La madrugada arrancó a Selene varias veces del sueño.
Fragmentos de Abril. De Maia. De Mar. De sangre. El cuerpo abierto de Abril sobre la tierra. La luna podrida colgando en el cielo. Los aullidos. Los gritos que la tierra no devolvía. El olor a muerte vieja. Cada vez que cerraba los ojos, volvía ahí. A la playa. Al claro. A la sangre caliente. La herida en su costado ardía, palpitando como una boca abierta. La fiebre le recorría el cuerpo, pegándole la piel al colchón áspero. El vendaje improvisado no alcanzaba a contener el calor que subía desde la carne. Y no era solo fiebre. Era otra cosa. Un tirón desde adentro. Como si la parte que había querido romper la piel antes del disparo todavía buscara salir. Una vez soñó —o creyó soñar— que Abril la llamaba desde la orilla. La luna roja sobre su cara destrozada. «Corré», decía. Pero Selene no corría. No podía. Cada espasmo la dejaba al borde. Los dedos crispados. La boca seca. La herida supuraba algo espeso, caliente. Cada tanto, el cuerpo vibraba. La piel se erizaba. Las uñas se afilaban medio milímetro antes de volver. La garganta rugía en un gruñido sordo que no llegaba a la superficie. Era como si todo en ella intentara mutar. Y algo —el dolor, la plata, la maldita bala— lo frenara. Una jaula viva.🌑 🌊 🐾
Afuera, el viento golpeaba las contraventanas. La madera crujía. La noche olía a sal, a humo viejo, a algo animal.

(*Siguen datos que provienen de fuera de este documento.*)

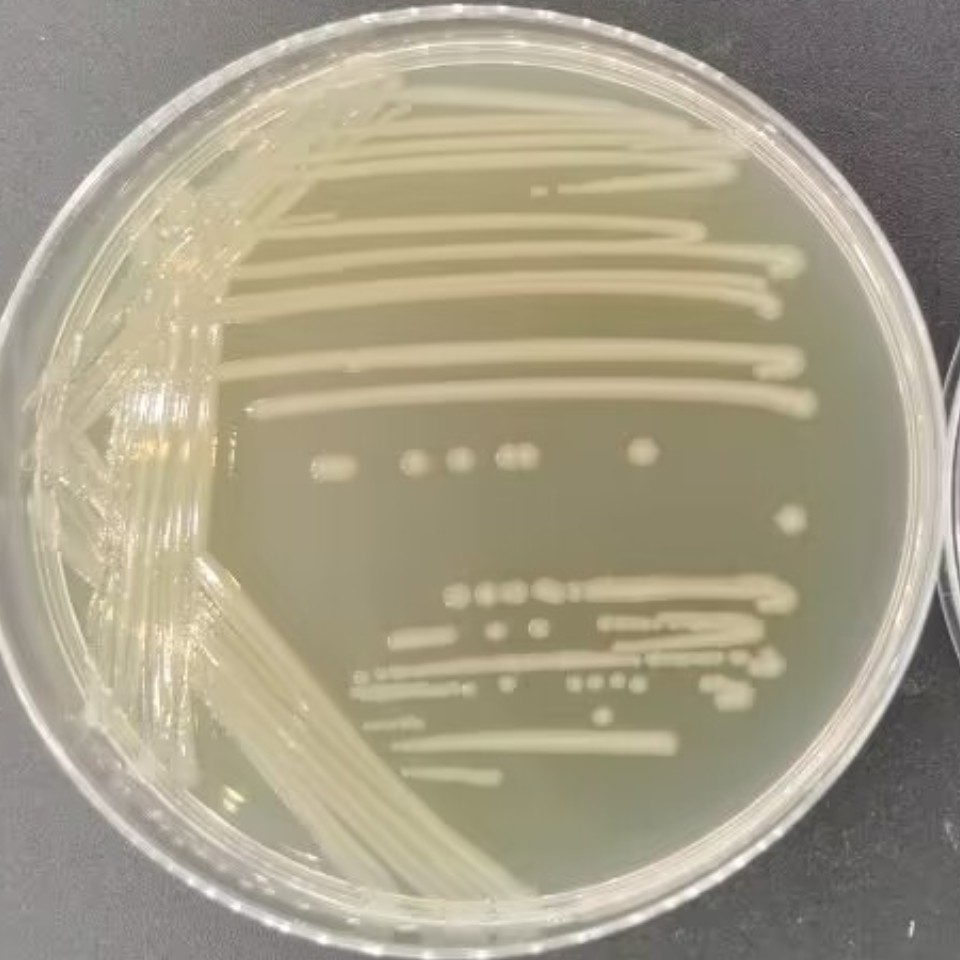 Escherichia coli-BNCC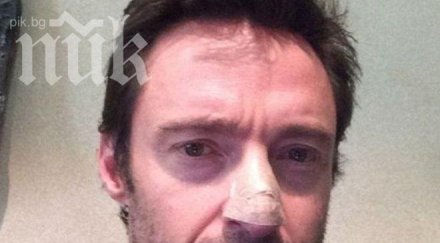 джакман обяви болен рак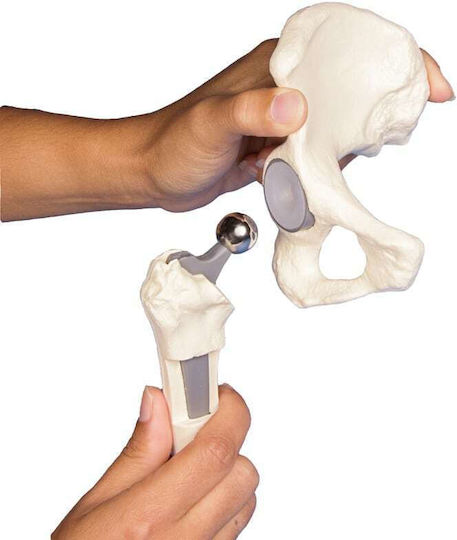 Erler Zimmer Πρόπλασμα Appendages & Joints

Florencio no dormía. Sentado junto a la puerta, el fusil sobre las rodillas, la camisa manchada de barro seco. No decía nada. Solo miraba. Cada tanto, su mirada se posaba sobre ella. Como un animal que estudia al que podría morderlo. No era compasión. No era miedo. Era otra cosa. Desconfianza mezclada con curiosidad. Y una pizca de algo sucio que no admitía. Cada vez que ella jadeaba, él tensaba la mandíbula. Cada vez que el cuerpo de Selene se arqueaba en un espasmo, él levantaba la vista. Cuando la fiebre le arrancó un gemido ronco, Florencio se acercó. Le tocó la frente. Estaba ardiendo. —La puta madre… —murmuró. Buscó un frasco de alcohol, un trapo. Volvió junto a ella. Sin palabras. Selene abrió los ojos medio nublados. Lo miró. El vendaje sucio. El torso marcado. Ese maldito olor a pólvora y cuero que se le pegaba a la piel. —No me toqués —murmuró. Florencio no le hizo caso. Le apoyó el trapo húmedo en la frente. La fiebre le hervía los huesos. —Dejá de hacerte la valiente —gruñó él—. No quiero que te mueras antes de explicar qué carajo hacías desnuda frente a esos bichos. Selene lo miró. Una chispa vieja en la mirada. —No te importa. Florencio se detuvo un segundo. Se agachó hasta quedar a su altura. —Todo importa cuando no encaja. La habitación olía a fiebre, a alcohol, a cosas que no se nombran. Selene cerró los ojos. —Andate —susurró. Florencio no se movió. Observó cómo las uñas de ella se marcaban en la manta. Como los músculos de los muslos se tensaban. Como la respiración se volvía entrecortada, no solo por el dolor. Algo se debatía adentro. No sabía qué. No podía saberlo. Pero lo sentía. Era ese sexto sentido de los hombres que han visto demasiadas muertes. Algo en ella estaba roto. Y algo más estaba a punto de salir.🌑 🌊 🐾
Florencio le apartó un mechón de pelo pegado a la sien.
—No quiero tu agradecimiento —dijo, seco—. Pero tampoco quiero que te mueras acá. Selene sonrió de lado, amarga. —No pienso morirme. No todavía. Otro espasmo. Florencio apretó los dientes. —Dormí. Ella no lo hizo. Cada vez que cerraba los ojos, Abril. Cada vez que intentaba dormir, el cuerpo intentaba cambiar. Y cada vez que la fiebre le robaba la conciencia, la respiración de Florencio seguía ahí. Al otro lado del cuarto. Vigilante. Desconfiado. Y, aunque no lo admitiera, intrigado. Porque había algo en esa mujer desnuda, ensangrentada y muda, que no le dejaba apartar la vista. Y Florencio sabía que eso, en su mundo, siempre era un problema.